How Lateral Phishing Attacks Happen and What’s Making Them So Successful

Cybersecurity is a bigger threat than ever to businesses, with cybercriminals growing ever more creative with their attacks. A new report by cloud-enabled security solutions provider Barracuda reveals that email account takeover and lateral phishing represent increasing threats to enterprise organizations.

The report, Spear Phishing: Top Threats and Trends Vol. 2 – Email Account Takeover: Defending Against Lateral Phishing, reveals the latest tactics used by cybercriminals. The in-depth report also includes critical precautions and helpful tips to enable IT professionals, cybersecurity pros, and business owners to better protect their businesses and digital assets.

Some of the key findings?

Attackers follow four primary strategies to choose target recipients of lateral phishing attacks. Additionally, in about one-third of email account takeover attacks, cybercriminals use additional deceptive behavior to make their lateral phishing emails stealthier or more convincing.

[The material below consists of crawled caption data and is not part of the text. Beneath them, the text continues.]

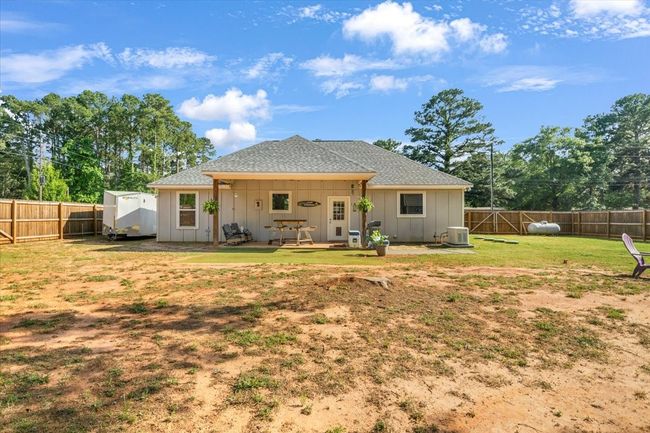 Rear view of property with a yard, a fenced backyard, central AC, and board and batten siding | Image 32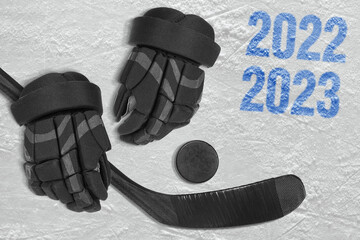 Stick, puck and hockey gloves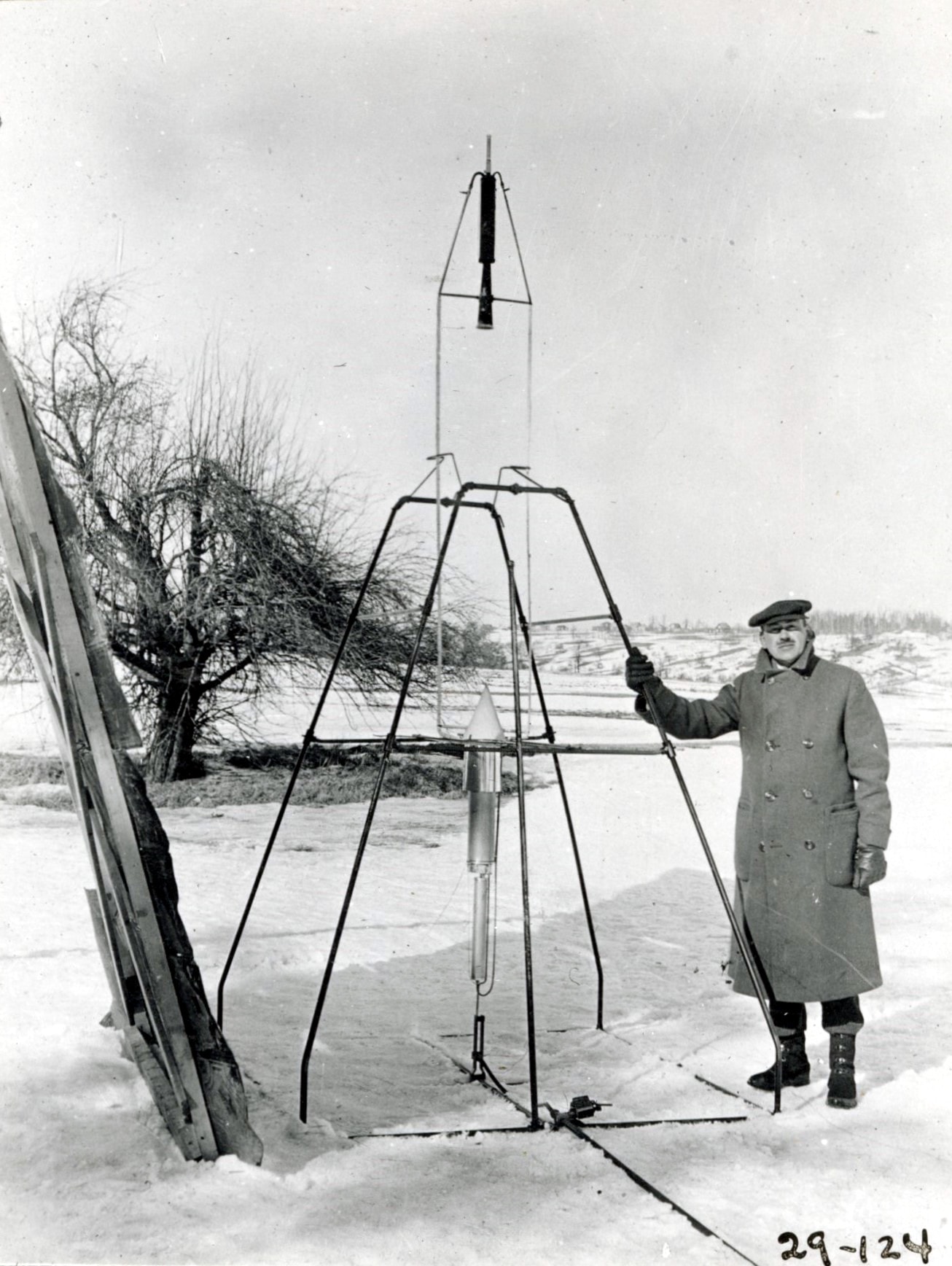 Robert H. Goddard, considered the father of modern rocketry, was born in Worcester Massachusetts in 1882. As a 16 year old, Goddard read H.G. Wells' science fiction classic "War Of The Worlds" and dreamed of space flight. By 1926 he had designed, built, and flown the world's first liquid fuel rocket. Launched 100 years ago, on March 16, 1926 from his aunt Effie's farm in Auburn Massachusetts, the rocket dubbed "Nell", rose to an altitude of 41 feet in a flight that lasted about 2 1/2 seconds. In this posed photo Goddard stands next to the 10 foot tall rocket, holding the launch stand frame. To achieve a stable flight without the need for fins, the rocket's heavy motor was located at the top, fed by lines from liquid oxygen and gasoline fuel tanks at the bottom. Widely recognized as a gifted experimenter and engineering genius, his rockets were many years ahead of their time. Goddard was awarded over 200 patents in rocket technology, most of them after his death in 1945. A liquid fuel rocket constructed on principles developed by Goddard landed humans on the Moon in 1969.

Lateral phishing is when a cybercriminal hacks one email account within an organization and then uses that email to target other users who have the same email domain.

Barracuda’s research uncovered fresh insights into how these popular attacks are evolving, along with the tactics used by cybercriminals to try to make them successful.

The report, published in conjunction with researchers from University of California, Berkeley and University of California, Davis, reveals important statistics about the prevalence and dangers of lateral phishing attacks.

• 1 in 7 businesses experienced lateral phishing attacks in a seven-month period, based on a random sample of enterprise organizations.
• More than 60% of organizations that were attacked experienced multiple incidents.
• About 11% of attacks managed to successfully compromise additional employee accounts.
• 42% of the lateral phishing incidents weren’t reported to the organization’s IT or security team.
• More than 55% of the lateral phishing attacks targeted recipients with some personal or work relationship to the hijacked email account.
• 37% of lateral phishing attacks used tailored content that was enterprise-oriented or highly specific to the victim’s organization.

The report takes an in-depth look at how compromised email accounts are being used to launch targeted lateral phishing attacks designed to evade many existing email protection systems. The reports also reveal the advanced detection techniques, security awareness training, and other strategies and solutions businesses are using to prevent attacks.